Title Normalization for CBZ Series Numbers
For CBZ files, titles with volume notation (e.g., Series Name #7, Series Name Vol. 7) are normalized to the canonical Series Name v007 form so books sort correctly by volume. This normalization applies only to titles that came from File metadata or Filepath sources. Titles from Manual, Sidecar, or Plugin sources are stored verbatim — if a plugin search result shows Naruto v1 and you apply it, the stored title stays Naruto v1 instead of being rewritten.
Series Number Unit (CBZ)
CBZ books have an additional field — series number unit — that records whether the series number refers to a volume or a chapter. This matters for manga and comics where chapter numbering is common alongside traditional volume numbering.

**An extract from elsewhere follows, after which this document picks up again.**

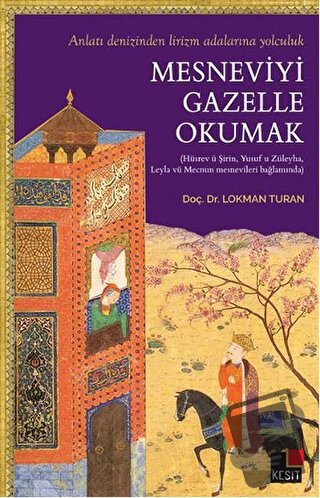 Mesneviyi Gazelle Okumak - Lokman Turan - Kesit Yayınları - Fiyatı - Y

How it's set automatically: The scanner reads the indicator embedded in the CBZ filename:
| Filename pattern | Unit |
|---|---|
Title v01.cbz, Title Vol.5.cbz, Title volume 12.cbz | volume |
Title #001.cbz, Title 5.cbz (bare number) | volume (default) |
Title Ch.5.cbz, Title chapter 5.cbz, Title c042.cbz | chapter |
Ambiguous indicators (#001, bare trailing numbers) default to volume to preserve historical behavior.
Other sources: Plugin metadata and sidecar files can also supply the unit via a unit field on the series entry. Manual edits via the book edit dialog let you change the unit using the unit dropdown next to the series number field.
CBZ books with no unit set render as volumes for backward compatibility — the unit field being null is treated the same as volume in the reader and in file organization.
Other formats: EPUB, M4B, and PDF don't use this field. Their series numbering is always implicit (the number alone is sufficient without a volume/chapter distinction).
Content fingerprints
Shisho stores a sha256 hash of every file's contents to preserve file identity across renames and moves. See File Fingerprints for details on how move detection works and how the feature degrades when the monitor isn't running.